143 – I poveri hanno il diritto di morire (28.01.07)

Il pensiero della settimana, n. 143.

 

Nel corso di un’omelia un parroco racconta, con giusto sdegno, questo episodio: vi è una suora di clausura molto anziana ricoverata in una clinica diventata per molti, nonostante il nome (beffardo) di Salus, squallida anticamera della morte; la religiosa prega Gesù perché venga presto a prenderla con sé; ma viene rimproverata perché, le  si dice, la vita è un dono e non si deve invocare la morte. Paolo, rivolto al suo Signore, anelava, con parole entrate nella storia della mistica, a essere dissolto per essere con Cristo (Fil 1,21); S. Teresa d’Avila affermava di sperare in una vita così alta che moriva perché non moriva. La preghiera dell’anonima suora è forse più debole, fiacca; forse, più che dagli slanci verso l’eterno, è alimentata dal desiderio di uscire dall’umiliazione presente. Tuttavia non chiede di smettere di soffrire, domanda che il Signore la venga a prendere e trova come risposta parole ispirate all’inedita e imperante sacralizzazione del biologico propria del cattolicesimo odierno.

Nella sua spietatezza la replica svela quanto sta dietro l’attuale esaltazione della vita terrena vista come dono ad oltranza: una radicale, per quanto dissimulata, sfiducia di poter essere, dopo la morte, accolti dall’abbraccio di Dio in virtù della resurrezione della carne. L’evangelo si è diffuso nel mondo e nei secoli affermando che il dono definitivo è una vita che non ha fine, non quella destinata a essere corrosa dalla morte.

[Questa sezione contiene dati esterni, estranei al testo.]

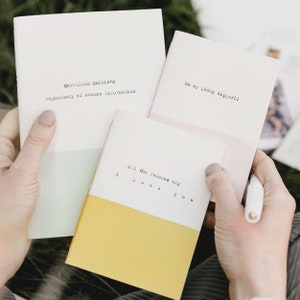May include: Three small notebooks with different coloured covers and handwritten text. The text on the notebooks reads "Garrulous Gabbie's repository of arcane information", "Oh my giddy kipper!!", and "All the reasons why I love you".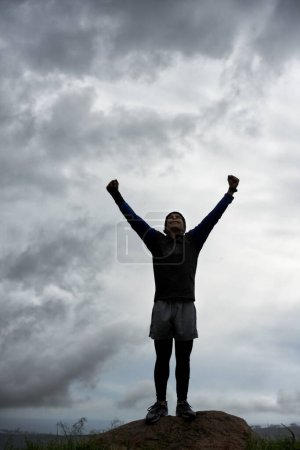 Téléchargez les photos : Triomphe au sommet. Un jeune homme célébrant au sommet d'une montagne après avoir atteint le sommet - en image libre de droit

Il cristianesimo muore, nel presente, trasformandosi in etica biologistica. La riduzione della fede a morale è una forma di secolarizzazione mascherata sotto i panni della devozione. Da parte di chi la propone l’intento più evidente è di ritagliarsi un angolino per avere ancora voce in capitolo nella cosa pubblica. La salvezza eterna della persona importa assai meno, su di essa non è dato legiferare.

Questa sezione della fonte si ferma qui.